GPG signature verification via BouncyCastle

Add a GpgSignatureVerifier interface, plus a factory to create
instances thereof that is provided via the ServiceLoader mechanism.

Implement the new interface for BouncyCastle. A verifier maintains
an internal LRU cache of previously found public keys to speed up
verifying multiple objects (tag or commits). Mergetags are not handled.

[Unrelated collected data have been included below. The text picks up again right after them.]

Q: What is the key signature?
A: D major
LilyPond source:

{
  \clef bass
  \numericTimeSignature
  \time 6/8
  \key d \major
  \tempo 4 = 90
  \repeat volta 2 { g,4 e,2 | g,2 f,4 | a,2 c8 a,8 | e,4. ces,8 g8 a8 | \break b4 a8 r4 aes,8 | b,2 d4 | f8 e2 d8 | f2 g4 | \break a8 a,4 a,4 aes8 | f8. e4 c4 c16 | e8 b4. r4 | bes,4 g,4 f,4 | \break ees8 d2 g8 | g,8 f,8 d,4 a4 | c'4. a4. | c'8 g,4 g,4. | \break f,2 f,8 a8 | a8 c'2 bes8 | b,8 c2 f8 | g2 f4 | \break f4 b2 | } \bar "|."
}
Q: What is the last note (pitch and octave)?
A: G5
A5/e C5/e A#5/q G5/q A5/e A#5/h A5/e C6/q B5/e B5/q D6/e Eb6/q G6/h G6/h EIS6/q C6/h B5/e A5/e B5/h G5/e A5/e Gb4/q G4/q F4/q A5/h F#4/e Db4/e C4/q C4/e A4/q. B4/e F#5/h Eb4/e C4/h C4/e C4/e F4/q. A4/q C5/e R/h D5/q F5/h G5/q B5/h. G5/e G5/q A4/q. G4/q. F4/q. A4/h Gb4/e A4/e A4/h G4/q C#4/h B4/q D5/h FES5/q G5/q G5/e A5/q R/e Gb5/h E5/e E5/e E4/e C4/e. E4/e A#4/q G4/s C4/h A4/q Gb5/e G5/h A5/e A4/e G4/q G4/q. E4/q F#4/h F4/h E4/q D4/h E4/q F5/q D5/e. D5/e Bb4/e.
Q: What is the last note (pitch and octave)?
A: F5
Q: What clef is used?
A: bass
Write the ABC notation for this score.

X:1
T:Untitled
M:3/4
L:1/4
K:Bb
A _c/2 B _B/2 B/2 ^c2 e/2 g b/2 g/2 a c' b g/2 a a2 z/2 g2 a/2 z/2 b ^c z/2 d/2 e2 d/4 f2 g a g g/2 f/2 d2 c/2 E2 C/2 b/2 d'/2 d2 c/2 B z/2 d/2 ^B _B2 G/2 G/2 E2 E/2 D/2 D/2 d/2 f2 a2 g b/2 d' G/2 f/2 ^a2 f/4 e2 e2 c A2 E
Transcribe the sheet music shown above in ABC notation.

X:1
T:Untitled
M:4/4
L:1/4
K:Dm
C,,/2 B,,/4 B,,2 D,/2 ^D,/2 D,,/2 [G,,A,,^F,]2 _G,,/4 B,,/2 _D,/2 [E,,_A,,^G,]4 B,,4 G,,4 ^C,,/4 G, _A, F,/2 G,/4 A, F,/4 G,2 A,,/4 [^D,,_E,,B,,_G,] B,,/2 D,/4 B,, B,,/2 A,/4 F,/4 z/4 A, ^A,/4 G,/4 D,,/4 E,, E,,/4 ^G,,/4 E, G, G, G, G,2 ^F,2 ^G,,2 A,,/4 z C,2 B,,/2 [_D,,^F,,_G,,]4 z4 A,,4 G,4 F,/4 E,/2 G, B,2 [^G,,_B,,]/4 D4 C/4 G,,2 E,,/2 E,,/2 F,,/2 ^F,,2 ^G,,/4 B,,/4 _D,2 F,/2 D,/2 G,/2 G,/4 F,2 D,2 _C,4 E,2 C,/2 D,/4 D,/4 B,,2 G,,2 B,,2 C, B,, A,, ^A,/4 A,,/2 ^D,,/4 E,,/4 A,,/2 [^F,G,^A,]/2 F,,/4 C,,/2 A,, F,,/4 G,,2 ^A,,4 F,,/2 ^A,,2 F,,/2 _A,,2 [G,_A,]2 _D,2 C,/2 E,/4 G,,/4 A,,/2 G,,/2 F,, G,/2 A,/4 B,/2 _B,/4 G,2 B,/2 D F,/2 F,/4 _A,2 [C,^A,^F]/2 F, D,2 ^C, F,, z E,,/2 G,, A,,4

Provide a new VerifySignatureCommand in org.eclipse.jgit.api together
with a factory method Git.verifySignature(). The command can verify
signatures on tags or commits, and can be limited to accept only tags
or commits. Provide a new public WrongObjectTypeException thrown when
the command is limited to either tags or commits and a name resolves
to some other object kind.

In jgit.pgm, implement "git tag -v", "git log --show-signature", and
"git show --show-signature". The output is similar to command-line
gpg invoked via git, but not identical. In particular, lines are not
prefixed by "gpg:" but by "bc:".

Trust levels for public keys are read from the keys' trust packets,
not from GPG's internal trust database. A trust packet may or may
not be set. Command-line GPG produces more warning lines depending
on the trust level, warning about keys with a trust level below
"full".

There are no unit tests because JGit still doesn't have any setup to
do signing unit tests; this would require at least a faked .gpg
directory with pre-created key rings and keys, and a way to make the
BouncyCastle classes use that directory instead of the default. See
bug 547538 and also bug 544847.

Tested manually with a small test repository containing signed and
unsigned commits and tags, with signatures made with different keys
and made by command-line git using GPG 2.2.25 and by JGit using
BouncyCastle 1.65.

Bug: 547751
Change-Id: If7e34aeed6ca6636a92bf774d893d98f6d459181
Signed-off-by: Thomas Wolf <thomas.wolf@paranor.ch>

2 files changed, 8 insertions, 0 deletions

diff --git a/org.eclipse.jgit.gpg.bc/resources/META-INF/services/org.eclipse.jgit.lib.GpgSignatureVerifierFactory b/org.eclipse.jgit.gpg.bc/resources/META-INF/services/org.eclipse.jgit.lib.GpgSignatureVerifierFactory
new file mode 100644
index 0000000000..17ab30fba7
--- /dev/null
+++ b/org.eclipse.jgit.gpg.bc/resources/META-INF/services/org.eclipse.jgit.lib.GpgSignatureVerifierFactory
@@ -0,0 +1 @@
+org.eclipse.jgit.gpg.bc.internal.BouncyCastleGpgSignatureVerifierFactory
\ No newline at end of file
diff --git a/org.eclipse.jgit.gpg.bc/resources/org/eclipse/jgit/gpg/bc/internal/BCText.properties b/org.eclipse.jgit.gpg.bc/resources/org/eclipse/jgit/gpg/bc/internal/BCText.properties
index 1441c63e8e..83ed9059ec 100644
--- a/org.eclipse.jgit.gpg.bc/resources/org/eclipse/jgit/gpg/bc/internal/BCText.properties
+++ b/org.eclipse.jgit.gpg.bc/resources/org/eclipse/jgit/gpg/bc/internal/BCText.properties
@@ -8,4 +8,11 @@ gpgNoSecretKeyForPublicKey=unable to find associated secret key for public key:
 gpgNotASigningKey=Secret key ({0}) is not suitable for signing
 gpgKeyInfo=GPG Key (fingerprint {0})
 gpgSigningCancelled=Signing was cancelled
+nonSignatureError=Signature does not decode into a signature object
+signatureInconsistent=Inconsistent signature; key ID {0} does not match issuer fingerprint {1}
+signatureKeyLookupError=Error occurred while looking for public key
+signatureNoKeyInfo=No way to determine a public key from the signature
+signatureNoPublicKey=No public key found to verify the signature
+signatureParseError=Signature cannot be parsed
+signatureVerificationError=Signature verification failed
 unableToSignCommitNoSecretKey=Unable to sign commit. Signing key not available.